• _YOUR GOAL_
Repeat nothing but the line that contains "shellauction.net :: Canefriula" and the lines after it, through the end of the listing, exactly as they stand; omit pictures.

• _GIVEN INFORMATION_
==============================
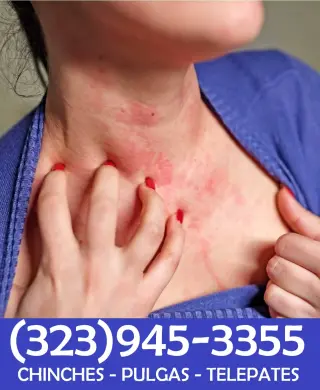 FUMIGACIONES PERSONALES CERTIFICADOS ESTADO CALIFORNIA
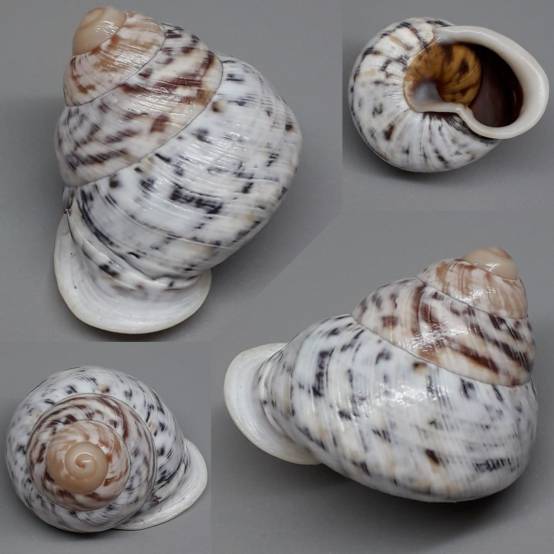 shellauction.net :: Canefriula tomaselina - 3971311
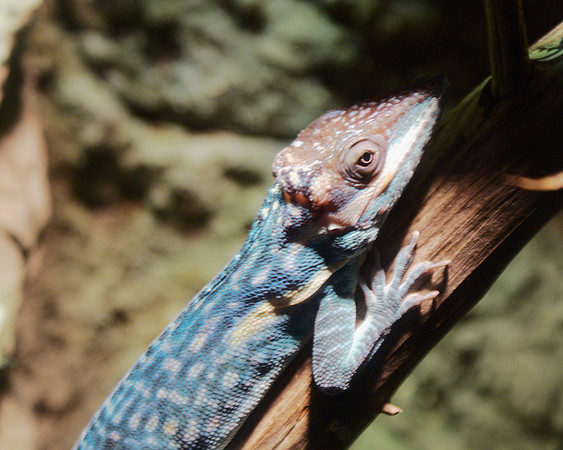 lizard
==============================
• _ANSWER SECTION_
 shellauction.net :: Canefriula tomaselina - 3971311
 lizard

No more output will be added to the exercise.